Data extracts =>

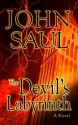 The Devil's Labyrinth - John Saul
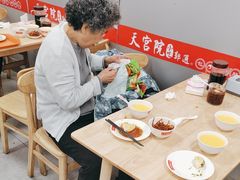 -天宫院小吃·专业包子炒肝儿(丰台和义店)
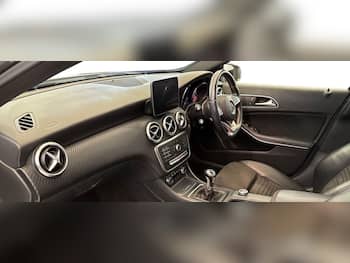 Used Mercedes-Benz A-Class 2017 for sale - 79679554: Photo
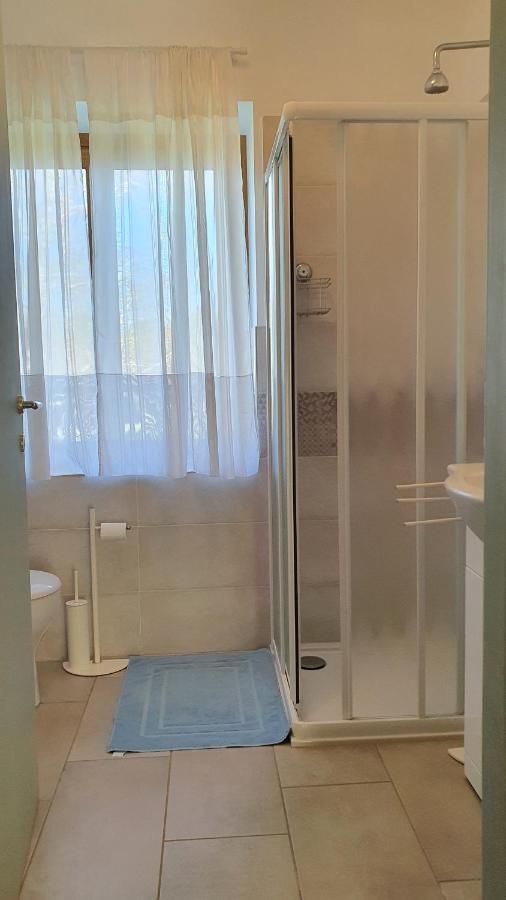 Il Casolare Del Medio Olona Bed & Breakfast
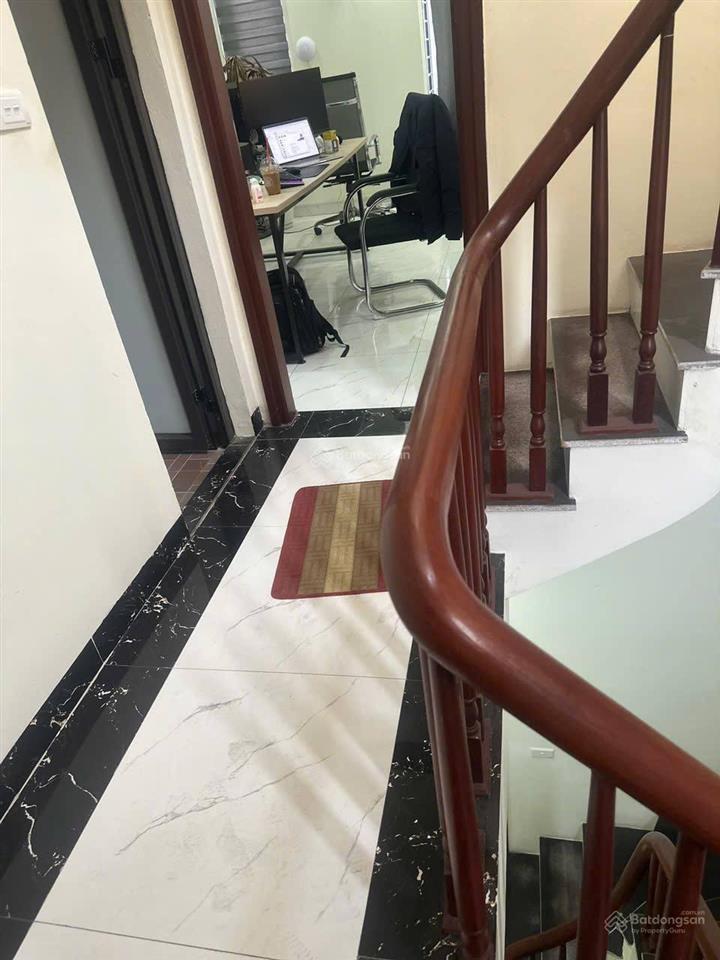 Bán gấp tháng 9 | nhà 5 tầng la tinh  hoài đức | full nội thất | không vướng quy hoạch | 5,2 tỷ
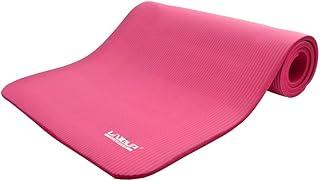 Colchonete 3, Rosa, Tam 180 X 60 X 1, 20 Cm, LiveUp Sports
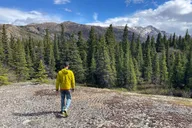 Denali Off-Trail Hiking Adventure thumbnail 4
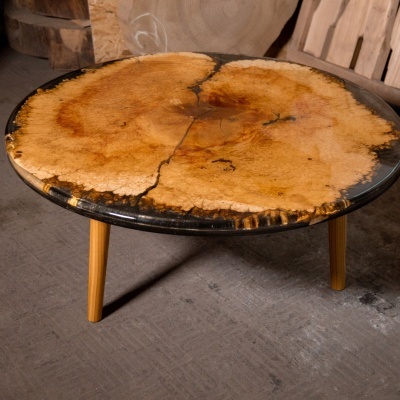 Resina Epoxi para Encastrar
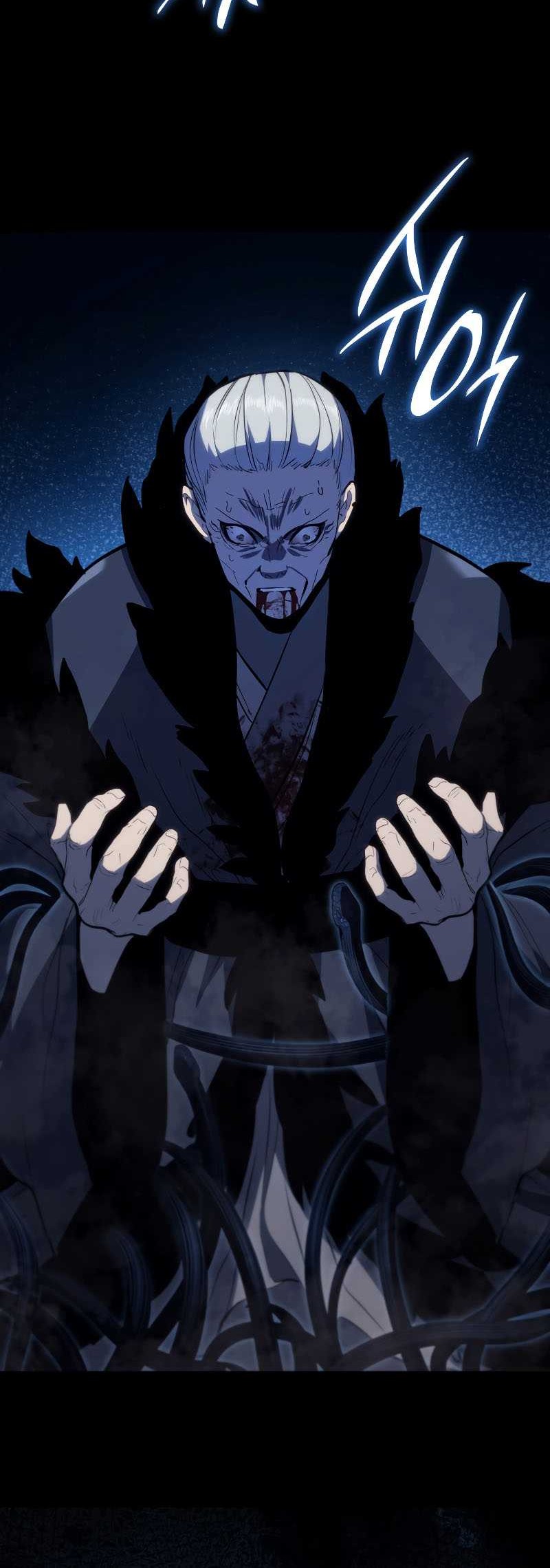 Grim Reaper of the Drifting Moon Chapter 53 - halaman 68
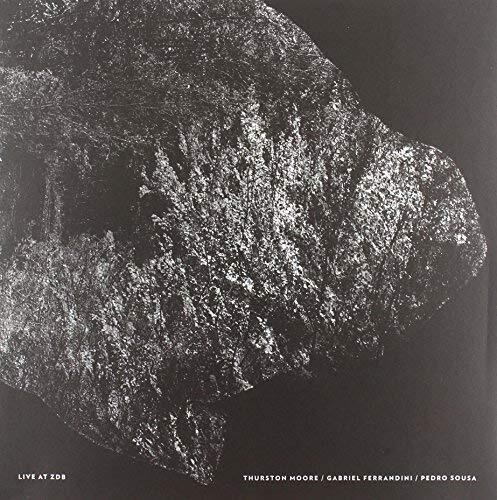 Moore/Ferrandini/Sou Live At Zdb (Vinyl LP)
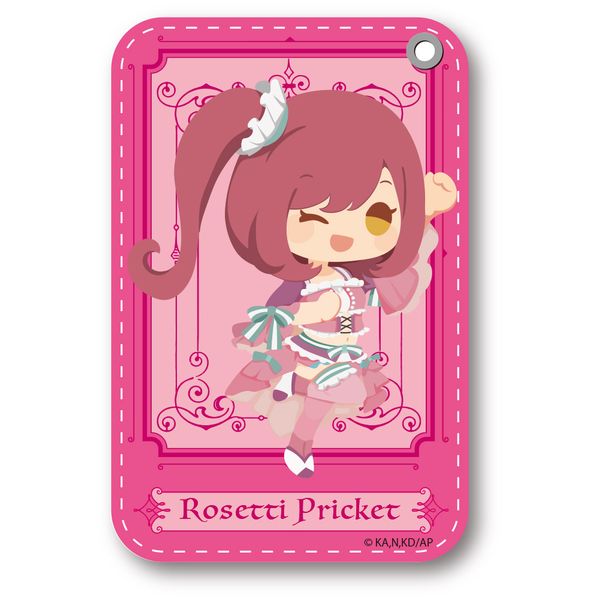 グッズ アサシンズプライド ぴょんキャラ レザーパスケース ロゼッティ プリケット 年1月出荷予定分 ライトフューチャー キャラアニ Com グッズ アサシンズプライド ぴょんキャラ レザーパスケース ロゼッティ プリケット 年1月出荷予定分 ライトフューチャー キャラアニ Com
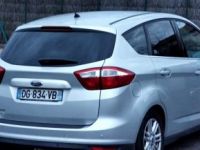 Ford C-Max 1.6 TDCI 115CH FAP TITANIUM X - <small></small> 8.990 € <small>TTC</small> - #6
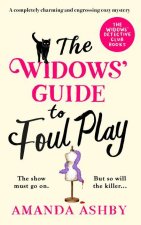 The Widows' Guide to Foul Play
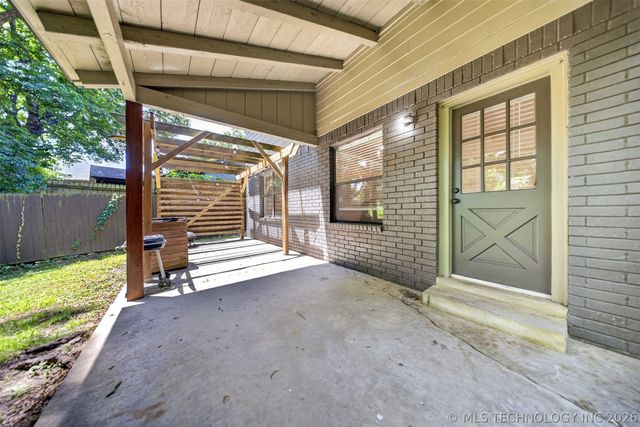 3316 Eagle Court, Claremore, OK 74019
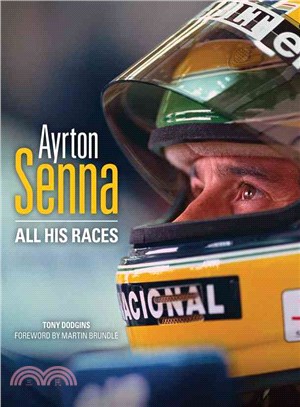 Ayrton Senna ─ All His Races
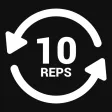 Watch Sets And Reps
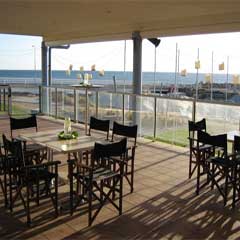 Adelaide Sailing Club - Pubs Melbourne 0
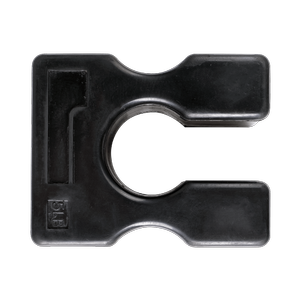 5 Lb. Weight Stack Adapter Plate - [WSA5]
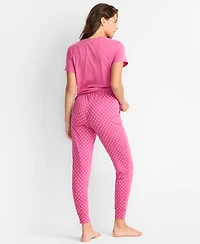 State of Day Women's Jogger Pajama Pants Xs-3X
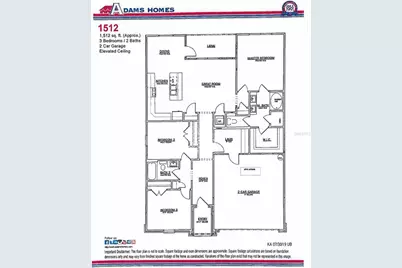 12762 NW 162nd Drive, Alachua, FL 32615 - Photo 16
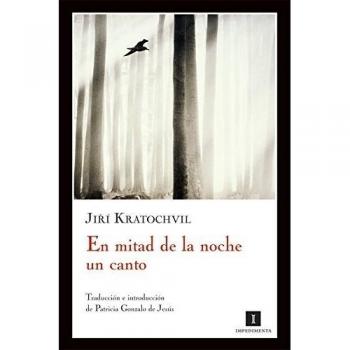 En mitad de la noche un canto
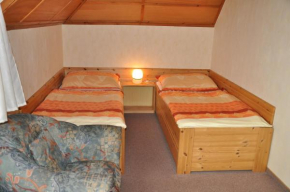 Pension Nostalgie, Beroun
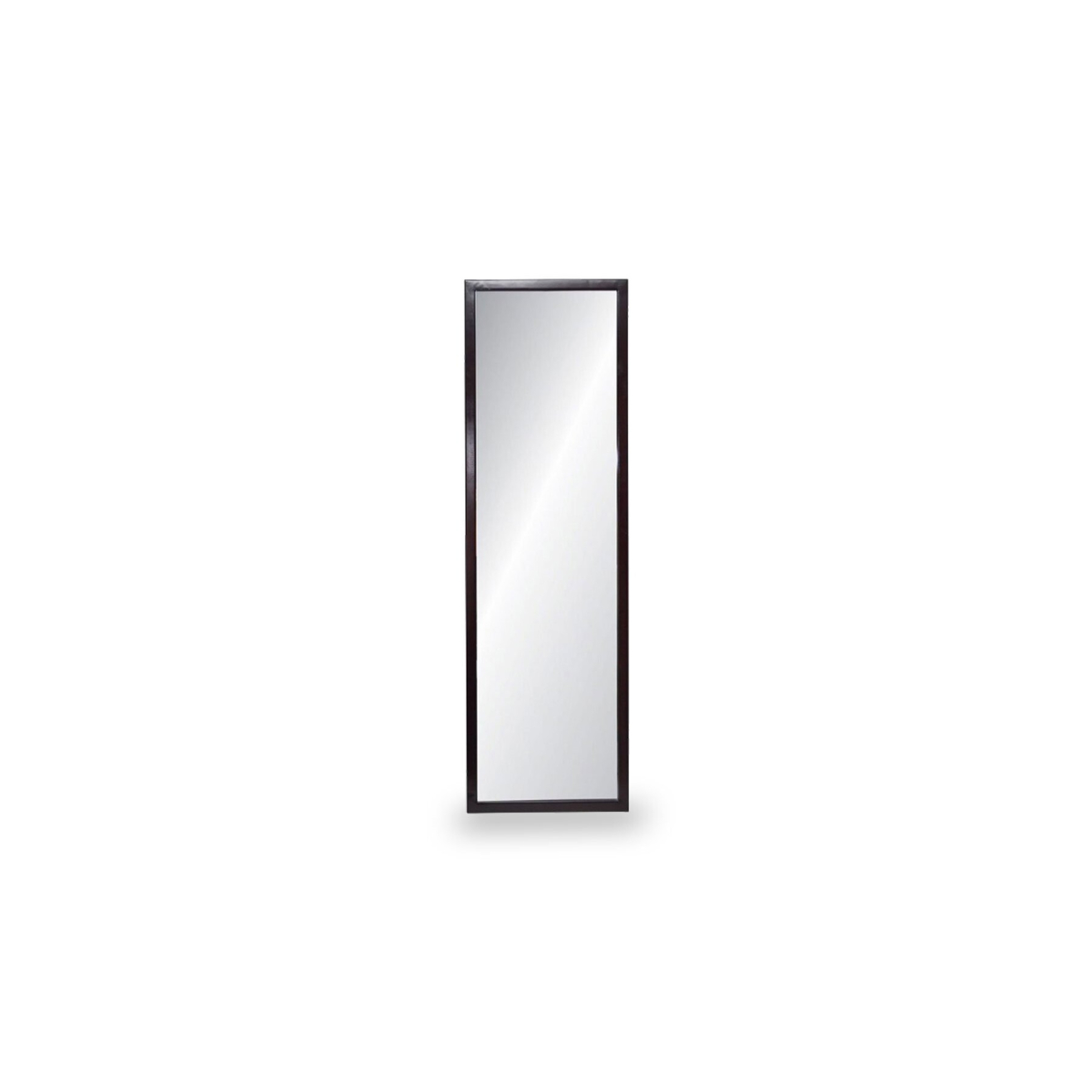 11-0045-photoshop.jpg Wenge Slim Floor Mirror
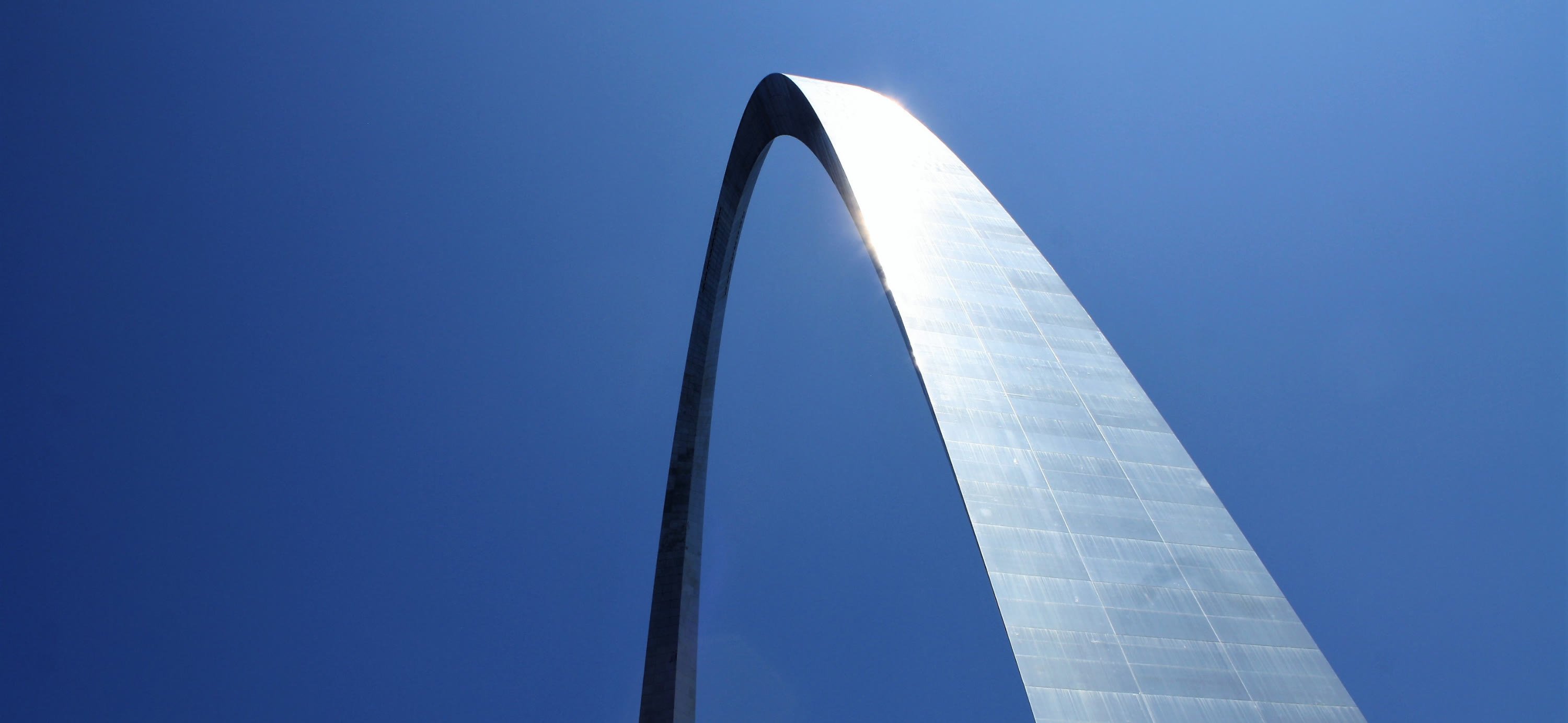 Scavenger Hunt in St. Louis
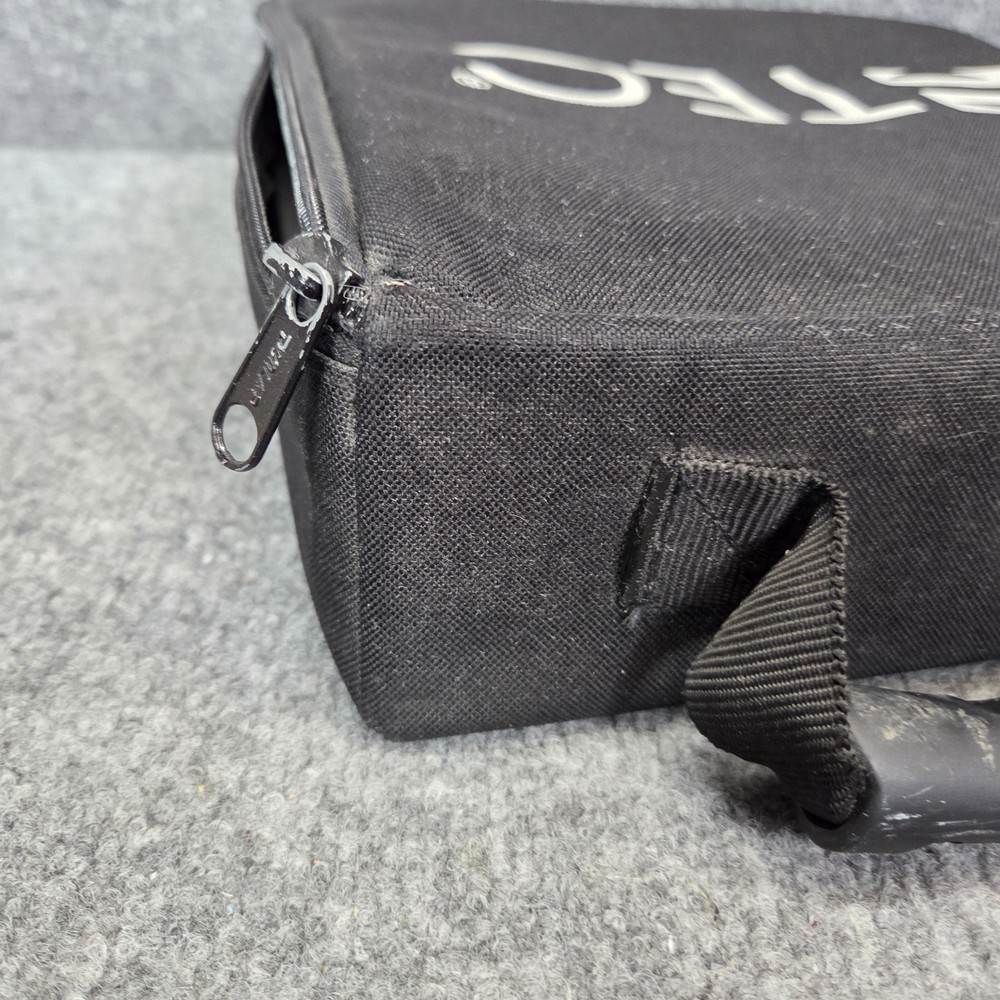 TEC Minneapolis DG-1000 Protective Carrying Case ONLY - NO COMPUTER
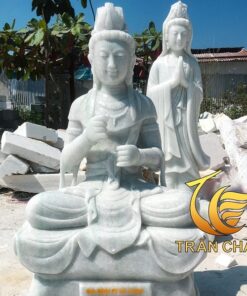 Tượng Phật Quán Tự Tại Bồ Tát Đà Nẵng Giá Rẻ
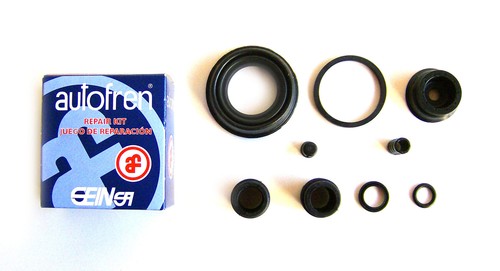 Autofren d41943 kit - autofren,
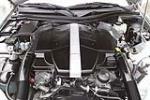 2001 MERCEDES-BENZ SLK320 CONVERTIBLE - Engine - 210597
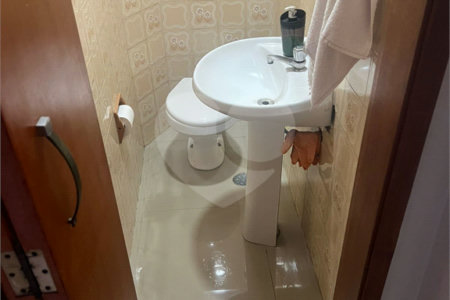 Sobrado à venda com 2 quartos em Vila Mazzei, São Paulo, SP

Prompt =>
Restate the material word for word, minus pictures.

Expected answer =>
 The Devil's Labyrinth - John Saul
 -天宫院小吃·专业包子炒肝儿(丰台和义店)
 Used Mercedes-Benz A-Class 2017 for sale - 79679554: Photo
 Il Casolare Del Medio Olona Bed & Breakfast
 Bán gấp tháng 9 | nhà 5 tầng la tinh  hoài đức | full nội thất | không vướng quy hoạch | 5,2 tỷ
 Colchonete 3, Rosa, Tam 180 X 60 X 1, 20 Cm, LiveUp Sports
 Denali Off-Trail Hiking Adventure thumbnail 4
 Resina Epoxi para Encastrar
 Grim Reaper of the Drifting Moon Chapter 53 - halaman 68
 Moore/Ferrandini/Sou Live At Zdb (Vinyl LP)
 グッズ アサシンズプライド ぴょんキャラ レザーパスケース ロゼッティ プリケット 年1月出荷予定分 ライトフューチャー キャラアニ Com グッズ アサシンズプライド ぴょんキャラ レザーパスケース ロゼッティ プリケット 年1月出荷予定分 ライトフューチャー キャラアニ Com
 Ford C-Max 1.6 TDCI 115CH FAP TITANIUM X - <small></small> 8.990 € <small>TTC</small> - #6
 The Widows' Guide to Foul Play
 3316 Eagle Court, Claremore, OK 74019
 Ayrton Senna ─ All His Races
 Watch Sets And Reps
 Adelaide Sailing Club - Pubs Melbourne 0
 5 Lb. Weight Stack Adapter Plate - [WSA5]
 State of Day Women's Jogger Pajama Pants Xs-3X
 12762 NW 162nd Drive, Alachua, FL 32615 - Photo 16
 En mitad de la noche un canto
 Pension Nostalgie, Beroun
 11-0045-photoshop.jpg Wenge Slim Floor Mirror
 Scavenger Hunt in St. Louis
 TEC Minneapolis DG-1000 Protective Carrying Case ONLY - NO COMPUTER
 Tượng Phật Quán Tự Tại Bồ Tát Đà Nẵng Giá Rẻ
 Autofren d41943 kit - autofren,
 2001 MERCEDES-BENZ SLK320 CONVERTIBLE - Engine - 210597
 Sobrado à venda com 2 quartos em Vila Mazzei, São Paulo, SP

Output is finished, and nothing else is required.